Brief: Omit all pictures. Quote only the lines from the one with "this 640×480 image." through the end of the material below.

Study material:
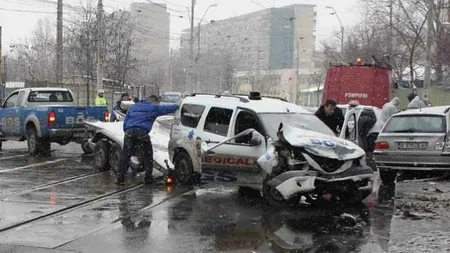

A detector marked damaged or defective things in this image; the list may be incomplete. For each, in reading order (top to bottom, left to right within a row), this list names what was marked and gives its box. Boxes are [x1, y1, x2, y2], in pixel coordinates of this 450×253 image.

detached car part on road [0, 89, 109, 156]
detached car part on road [169, 92, 372, 206]
shattered windshield [258, 113, 336, 139]
crushed front end of vehicle [258, 123, 374, 207]
broken bumper [266, 166, 374, 200]
detached car part on road [374, 105, 450, 185]
shattered windshield [382, 115, 444, 133]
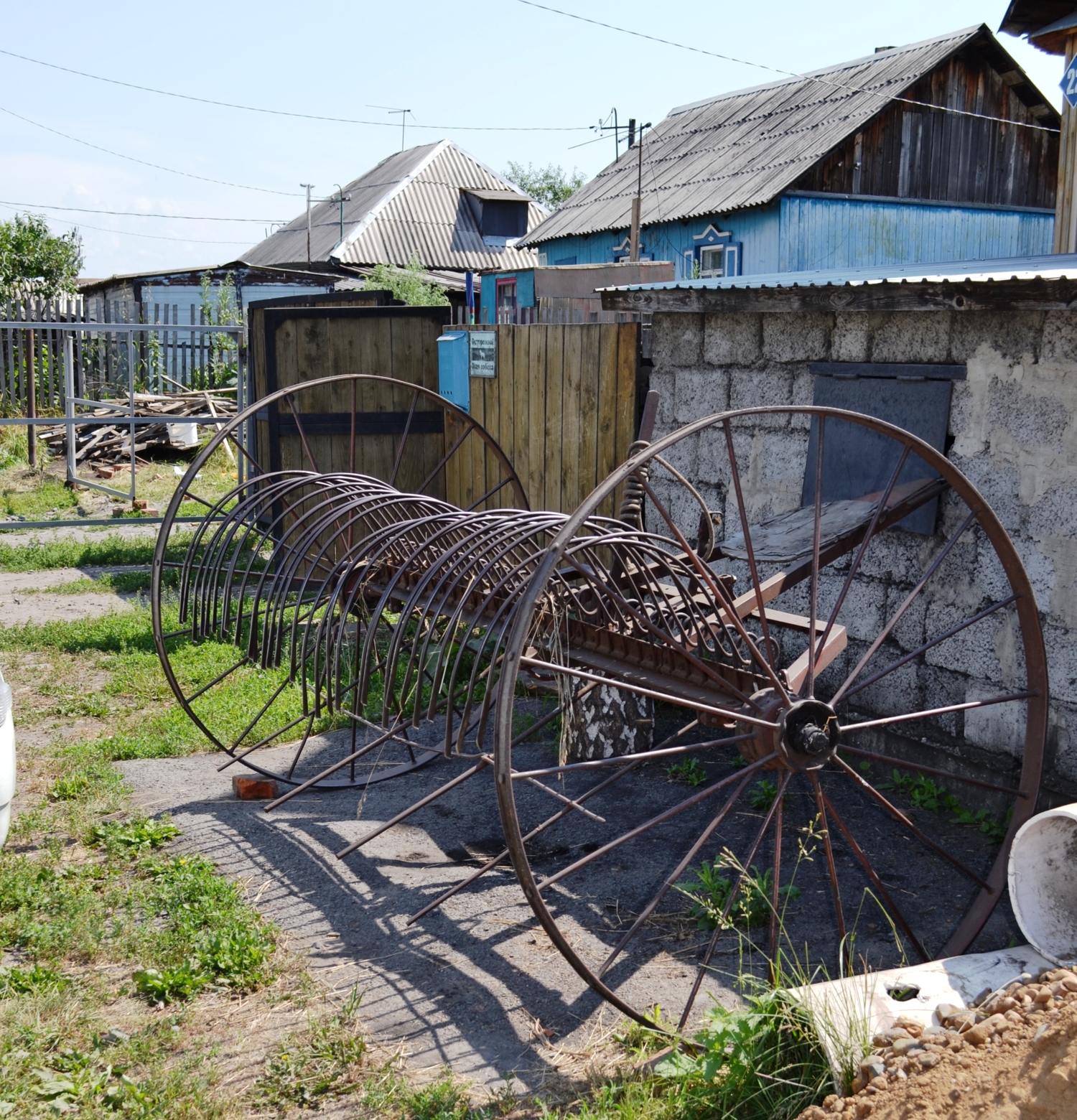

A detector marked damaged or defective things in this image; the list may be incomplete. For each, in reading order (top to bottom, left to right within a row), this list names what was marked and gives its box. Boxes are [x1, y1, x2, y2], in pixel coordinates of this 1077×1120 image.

rusted metal frame [284, 396, 323, 474]
rusted metal frame [391, 391, 419, 485]
rusted metal frame [416, 416, 477, 491]
rusted metal frame [264, 721, 411, 810]
rusted metal frame [337, 758, 494, 862]
rusted metal frame [408, 741, 655, 919]
rusted metal frame [511, 735, 752, 781]
rusted metal frame [523, 652, 775, 729]
rusted metal frame [537, 752, 781, 890]
rusted metal frame [595, 770, 752, 982]
rusted metal frame [640, 471, 793, 701]
rusted metal frame [684, 770, 793, 1034]
rusted metal frame [727, 419, 787, 683]
rusted metal frame [770, 781, 787, 965]
rusted metal frame [804, 419, 833, 695]
rusted metal frame [810, 770, 850, 965]
rusted metal frame [816, 445, 913, 675]
rusted metal frame [816, 787, 931, 965]
rusted metal frame [833, 508, 988, 704]
rusted metal frame [833, 752, 994, 890]
rusted metal frame [850, 594, 1022, 701]
rusted metal frame [844, 741, 1028, 798]
rusted metal frame [844, 692, 1040, 735]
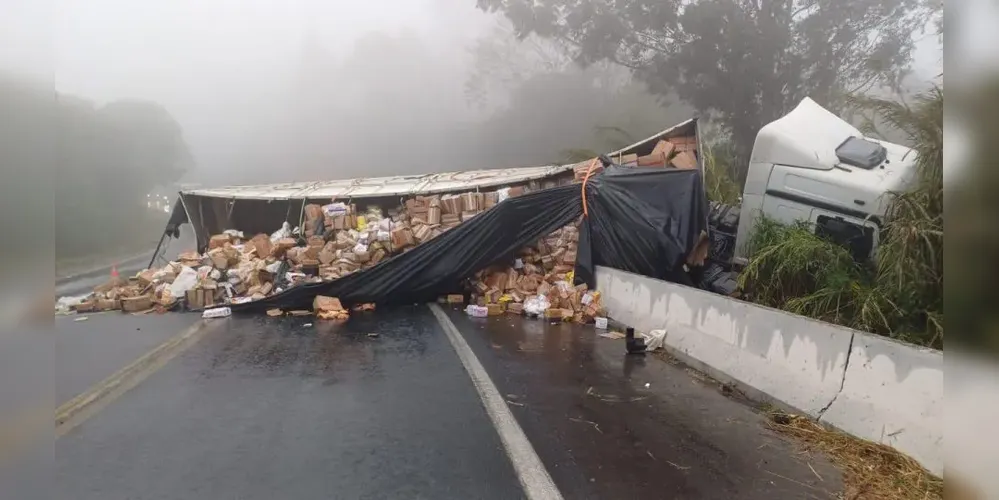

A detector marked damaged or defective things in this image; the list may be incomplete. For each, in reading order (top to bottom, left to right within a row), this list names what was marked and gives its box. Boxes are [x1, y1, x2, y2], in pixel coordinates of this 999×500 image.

overturned truck trailer [160, 118, 712, 310]
torn packaging [225, 166, 704, 310]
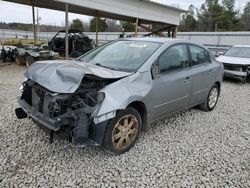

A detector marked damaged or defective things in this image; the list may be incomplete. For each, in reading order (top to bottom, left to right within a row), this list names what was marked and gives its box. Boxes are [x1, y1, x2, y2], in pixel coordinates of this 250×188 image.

crumpled hood [24, 60, 132, 93]
damaged front end [223, 63, 250, 82]
damaged front end [15, 75, 117, 145]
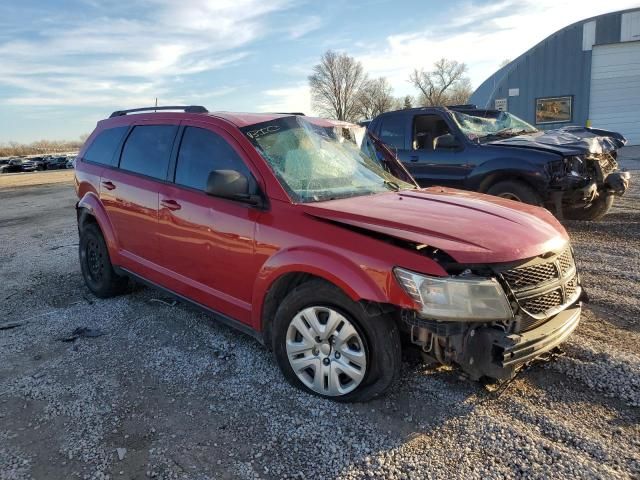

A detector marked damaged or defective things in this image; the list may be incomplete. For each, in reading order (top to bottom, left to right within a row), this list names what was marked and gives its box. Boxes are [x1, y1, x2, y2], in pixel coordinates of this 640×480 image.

shattered windshield glass [240, 116, 416, 202]
cracked windshield [241, 116, 416, 202]
cracked windshield [452, 111, 536, 142]
shattered windshield glass [450, 111, 540, 142]
damaged black suv [370, 106, 632, 220]
crumpled hood [488, 125, 628, 156]
damaged red suv [76, 105, 584, 402]
crumpled hood [302, 188, 568, 264]
broken headlight assembly [392, 268, 512, 320]
crushed front end [398, 248, 584, 378]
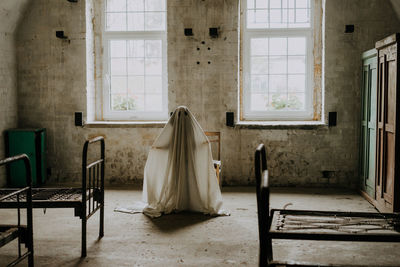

Task output:
A detector marked damaged or defective things in this image; the list may be incomplete. For each, in reading order (top to bottom, left to right within a row), this list names what was marked and gives its box. Boxes are [x1, y1, x2, y2], in pixel coordinates of this 640×480 image.

shattered windshield glass [240, 116, 416, 202]
cracked windshield [241, 116, 416, 202]
cracked windshield [452, 111, 536, 142]
shattered windshield glass [450, 111, 540, 142]
damaged black suv [370, 106, 632, 220]
crumpled hood [488, 125, 628, 156]
damaged red suv [76, 105, 584, 402]
crumpled hood [302, 188, 568, 264]
broken headlight assembly [392, 268, 512, 320]
crushed front end [398, 248, 584, 378]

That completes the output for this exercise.